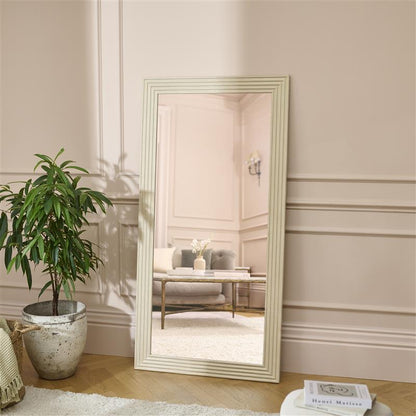 Orkney 180x90cm Wooden Rectangular Whitewash Mirror - Laura James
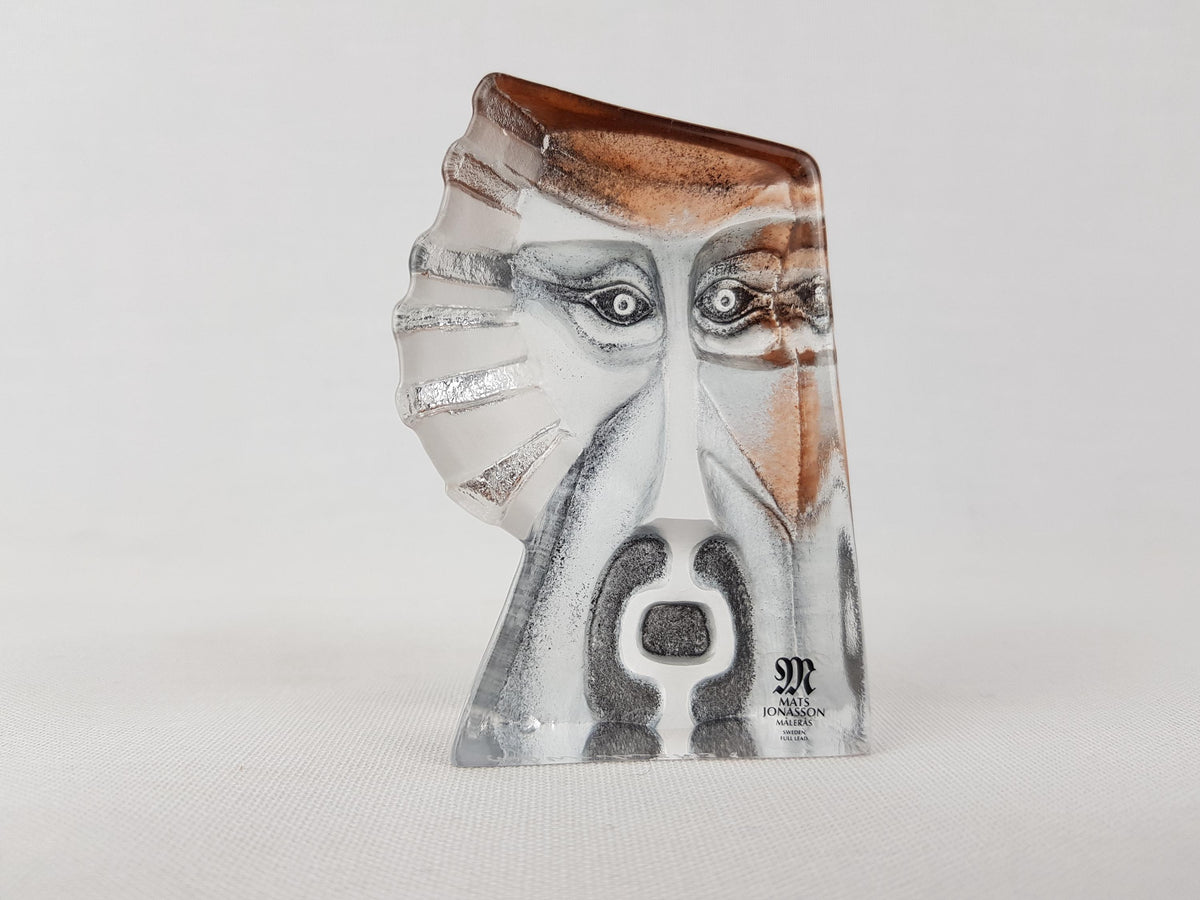 Set of 4 Vintage Mats Jonasson Målerås Sweden "Geno" Crystal Face Masks Swedish Art Glass Paperweight Sculptures – Signed & Numbered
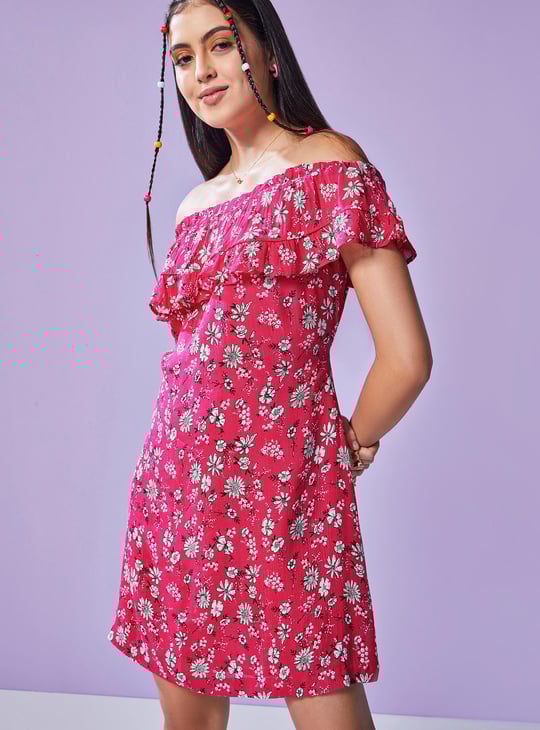 Women Printed Bardot Dress 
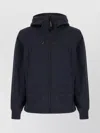 C.p. Company Blue Jacket With Drawstring Hood And Decorative Googles
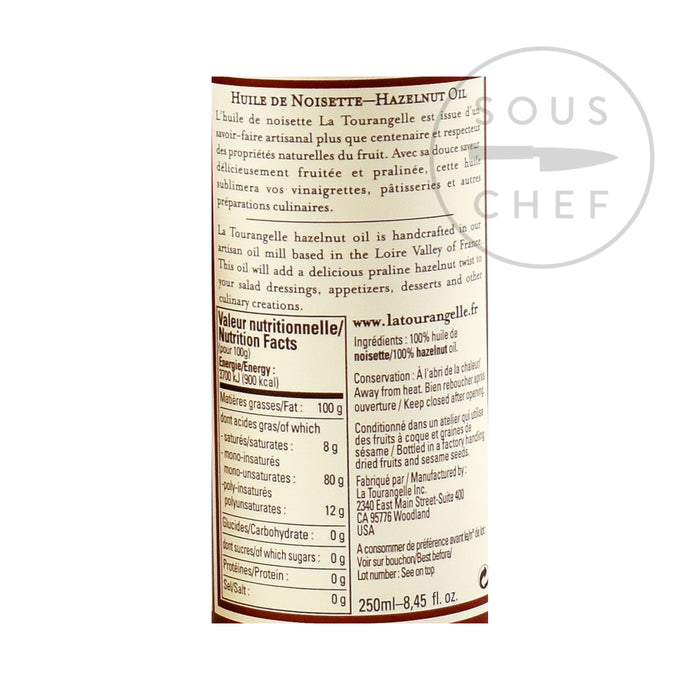 Hazelnut Oil 250ml nutritional information ingredients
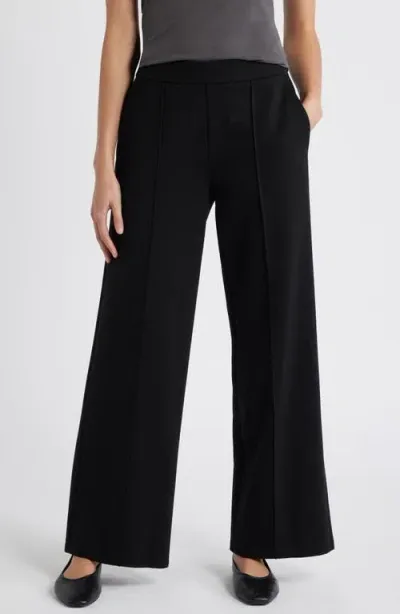 Eileen Fisher Flex Pintuck Double Knit Ponte Wide Leg Pants In Black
■ ■ ■ ■
Exercise: What is needed is a verbatim copy of the lines running from the one with "Hazelnut Oil 250ml" through the last line of the listing above, excluding any pictures.

Solution to this exercise:
 Hazelnut Oil 250ml nutritional information ingredients
 Eileen Fisher Flex Pintuck Double Knit Ponte Wide Leg Pants In Black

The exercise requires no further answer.